Microsoft has taken immediate action to address a significant security incident that led to the exposure of a staggering 38 terabytes of private data. The breach was identified within the company’s AI GitHub repository and is believed to have occurred inadvertently during the publication of open-source training data, according to Wiz, a cybersecurity research team.
This breach included a backup from the workstations of two former employees, containing sensitive information like secrets, keys, passwords, and over 30,000 internal Teams messages.
The repository, named “robust-models-transfer,” has been made inaccessible. Before its takedown, it housed source code and machine learning models related to a 2020 research paper titled “Do Adversarially Robust ImageNet Models Transfer Better?”
Wiz’s report revealed that the breach resulted from an overly permissive Shared Access Signature (SAS) token, an Azure feature that facilitates data sharing in a challenging-to-track and revoke manner. Specifically, the repository’s README.md file inadvertently allowed developers to download models from an Azure Storage URL that also granted access to the entire storage account, exposing additional private data.

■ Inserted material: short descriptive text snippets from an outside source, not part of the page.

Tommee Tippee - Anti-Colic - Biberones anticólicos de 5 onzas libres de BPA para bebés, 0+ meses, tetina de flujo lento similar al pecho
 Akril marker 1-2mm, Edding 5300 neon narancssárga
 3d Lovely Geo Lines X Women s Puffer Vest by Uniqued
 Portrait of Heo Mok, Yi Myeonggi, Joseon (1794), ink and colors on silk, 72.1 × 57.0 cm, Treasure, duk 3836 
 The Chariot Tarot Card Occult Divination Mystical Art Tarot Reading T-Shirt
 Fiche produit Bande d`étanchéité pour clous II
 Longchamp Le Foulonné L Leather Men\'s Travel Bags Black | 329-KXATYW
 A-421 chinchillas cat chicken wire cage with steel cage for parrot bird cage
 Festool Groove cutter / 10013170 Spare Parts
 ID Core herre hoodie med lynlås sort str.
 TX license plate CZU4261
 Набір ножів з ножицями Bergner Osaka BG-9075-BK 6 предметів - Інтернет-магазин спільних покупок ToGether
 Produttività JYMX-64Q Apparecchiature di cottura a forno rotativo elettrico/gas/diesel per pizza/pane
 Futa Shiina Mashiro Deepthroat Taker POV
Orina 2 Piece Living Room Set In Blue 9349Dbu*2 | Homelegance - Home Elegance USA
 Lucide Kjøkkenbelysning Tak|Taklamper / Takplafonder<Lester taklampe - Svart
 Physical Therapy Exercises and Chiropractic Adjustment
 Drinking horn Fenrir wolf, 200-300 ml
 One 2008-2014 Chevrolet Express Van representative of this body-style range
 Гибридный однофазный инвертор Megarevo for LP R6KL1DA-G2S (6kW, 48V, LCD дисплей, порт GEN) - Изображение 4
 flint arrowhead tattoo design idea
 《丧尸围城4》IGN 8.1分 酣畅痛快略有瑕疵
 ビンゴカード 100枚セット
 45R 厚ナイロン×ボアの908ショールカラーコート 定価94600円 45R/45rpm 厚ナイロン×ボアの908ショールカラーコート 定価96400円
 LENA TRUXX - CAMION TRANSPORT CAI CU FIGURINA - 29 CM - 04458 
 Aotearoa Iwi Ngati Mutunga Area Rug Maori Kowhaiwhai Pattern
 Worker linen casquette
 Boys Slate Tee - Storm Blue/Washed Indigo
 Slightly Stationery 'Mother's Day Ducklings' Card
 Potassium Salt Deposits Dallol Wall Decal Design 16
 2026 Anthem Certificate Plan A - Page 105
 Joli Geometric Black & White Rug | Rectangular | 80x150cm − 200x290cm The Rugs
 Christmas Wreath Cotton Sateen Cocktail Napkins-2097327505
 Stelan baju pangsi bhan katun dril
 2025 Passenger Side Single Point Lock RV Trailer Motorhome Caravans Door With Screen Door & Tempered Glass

To address this issue, Microsoft promptly revoked the SAS token and blocked external access to the storage account. The company’s investigation found no unauthorized exposure of customer data and confirmed that no other internal services were compromised.
The company also identified a bug in its scanning system that led to the false flagging of the specific SAS URL in the repository. To enhance future security measures, Microsoft has expanded its secret scanning service to include SAS tokens with overly permissive settings.